Fewer homeowners falling behind on mortgage payments
The clouds may be starting to lift, ever so slightly, for the beleaguered housing market.
The latest evidence came Friday, when new data showed that fewer homeowners were falling behind on their home loans.
The delinquency rate for mortgage loans on one- to four-unit residential properties fell to a seasonally adjusted rate of 9.47% of all loans at the end of the fourth quarter of 2009, according to the Mortgage Bankers Assn. That’s down from 9.64% in the third quarter.
It’s extremely rare for the delinquency rate to decline at the end of the year, when homeowners are grappling with the cost of heating and Christmas presents, according to the trade group.
“We are likely seeing the beginning of the end of the unprecedented wave of mortgage delinquencies and foreclosures that started with the subprime defaults in early 2007 [and] continued with the meltdown of the California and Florida housing markets due to overbuilding and the weak loan underwriting that supported that overbuilding,” Jay Brinkmann, the group’s chief economist, said in a statement.
However, the data still pointed to a troubled housing market that is likely to worsen before it improves.
The delinquency rate was up from 7.88% a year earlier. And though California is faring better than some other hard-hit states, the state delinquency rate is 11.34%.

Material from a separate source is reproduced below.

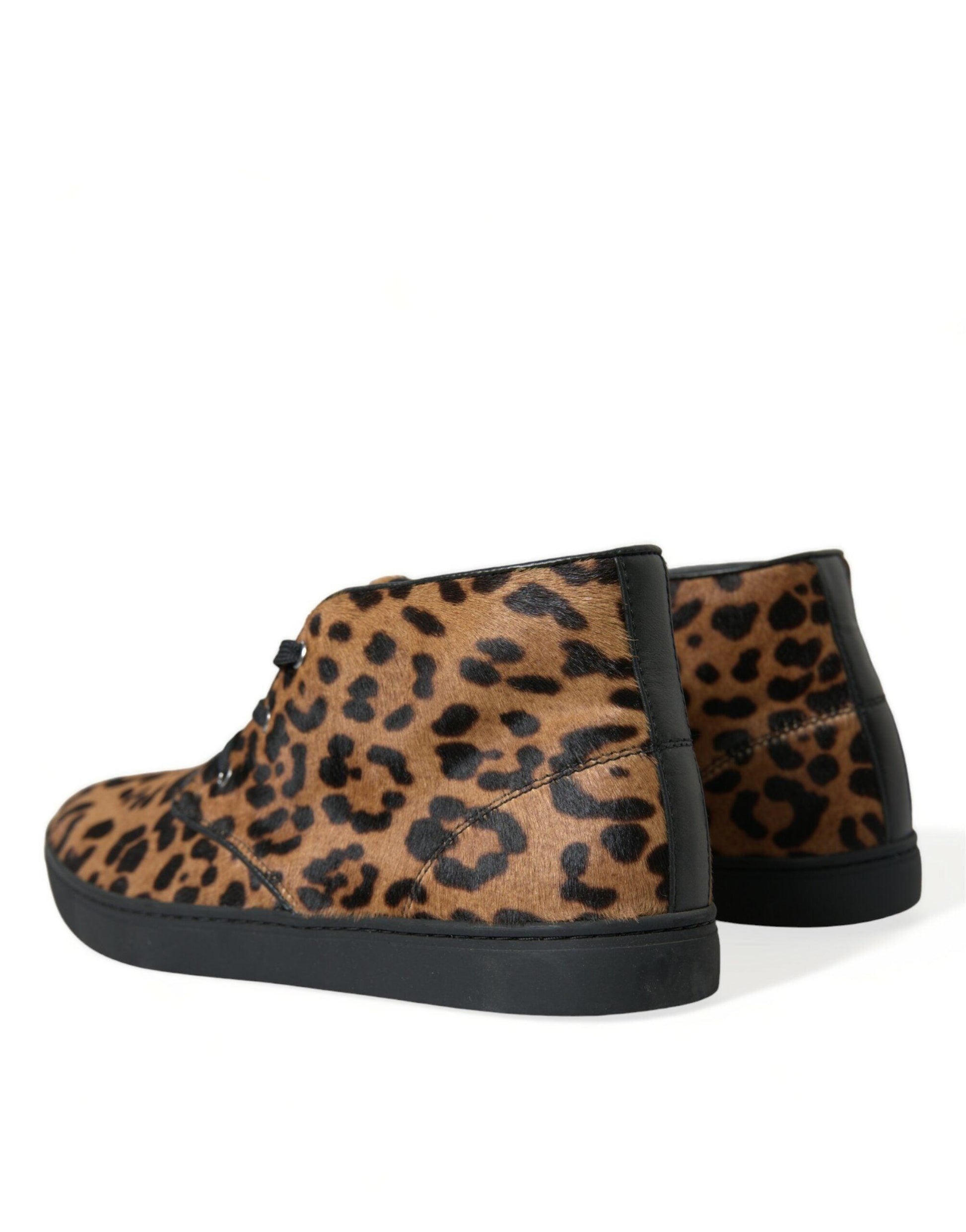 Dolce & Gabbana Elegant Leopard Print Mid-Top Sneakers - Arichezz.store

“This is a key sign that housing market conditions are slowly, grudgingly getting slightly better,” said Mike Larson, a real estate analyst at Weiss Research. “This does not mean we’ll have a vigorous recovery. We won’t. Many loan [modifications] will fail, the unemployment rate remains elevated, and lending standards will remain relatively strict for some time.”
In a sign that delinquencies may be leveling off, the number of loans past due by 30 days and 60 days declined compared with the third quarter of 2009 and the fourth quarter of 2008.
The number of loans going into foreclosure, though up from a year earlier, declined compared with the third quarter as efforts to modify mortgages took hold.
But the portfolio of loans more than 90 days past due -- containing mortgages being evaluated for modifications -- continued its rise to record levels.
That indicates that there is still much short-term pain for the housing markets to endure as many homes fall into foreclosure.
The group said 4.99% of all prime fixed-rate loans, the kind made to the best-qualified borrowers, were categorized as seriously delinquent (that is, in foreclosure or more than 90 days past due), up from 2.25% a year earlier.
For prime adjustable-rate loans, the category containing tricky pay-option mortgages, 18.13% were seriously delinquent, compared with 10.45% a year earlier.
And 42.7% of subprime adjustable loans were seriously delinquent, up from 33.78% in the fourth quarter of 2008.
Brinkmann noted that the mortgage trends mirror those in the job market, where the number of long-term unemployed remains high while new jobless claims have been declining.